Metro Denver-area voters will decide Nov. 5 whether the Regional Transportation District can continue to keep all of its sales tax revenue in coming years, even when a strong economy pushes revenue up above caps set in the Taxpayer’s Bill of Rights. 

The so-called “de-Brucing,” named after TABOR author Douglas Bruce, is a common request from local taxing agencies. 

In RTD’s case, a “yes” vote on 7A would not raise the current dedicated RTD sales tax, but would allow RTD to keep projected revenue about $50 million to $60 million a year above the TABOR cap instead of refunding that amount to millions of taxpayers. 

Local elected officials and pro-transit nonprofit groups are aligning behind 7A, with no real organized opposition. There are valid questions, though, about RTD’s recent performance. 

Here’s what you need to know about 7A, which will be on the ballot where RTD provides service, in all of Boulder, Broomfield, Denver and Jefferson counties, parts of Adams, Arapahoe and Douglas Counties, and a small portion of Weld County.

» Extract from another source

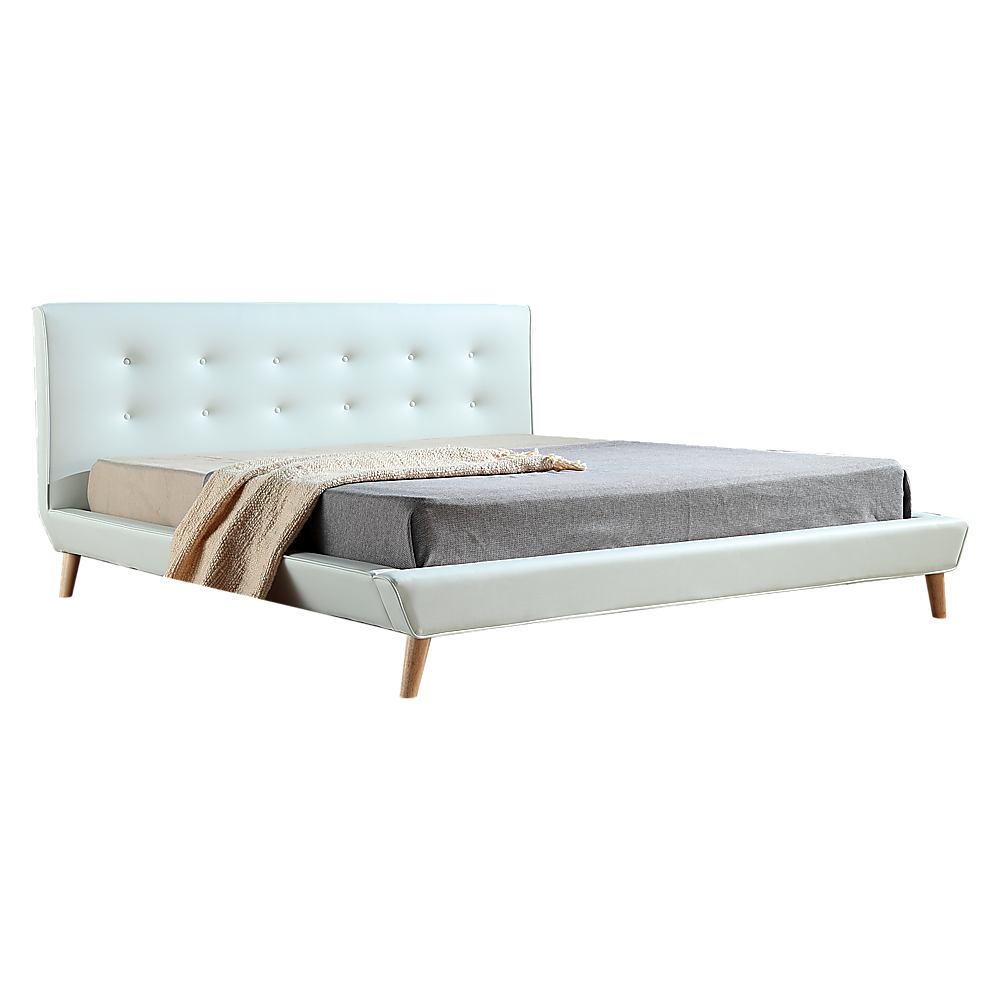 King PU Leather Deluxe Bed Frame White - Cosy Abode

How do supporters of 7A say it would help RTD? 

RTD, one of the largest transit agencies in the West, gets only about 5% of its budget from riders paying fares. By far the great majority of RTD money, $932 million or 75%, comes from the 1% RTD sales and use tax that consumers and businesses pay in the metro area district. 

If sales tax revenue rises above the cap placed each year on local government revenue by the Taxpayer’s Bill of Rights, RTD would have to return $50 million to $60 million a year to individual consumers. (The cap is determined by annual increases in population and inflation.)

RTD’s past authority to keep excess TABOR money is expiring, and 7A would allow RTD to keep it again for coming years. The current amount of RTD’s sales tax portion would not change. 

Current RTD Board Member Lynn Guissinger gives big-picture and practical reasons why voters should again allow the transit agency to keep any money over the cap. RTD has made good progress recently, she said, in hiring to bolster its driving and train controller corps to begin restoring routes and frequency cut back in past years. 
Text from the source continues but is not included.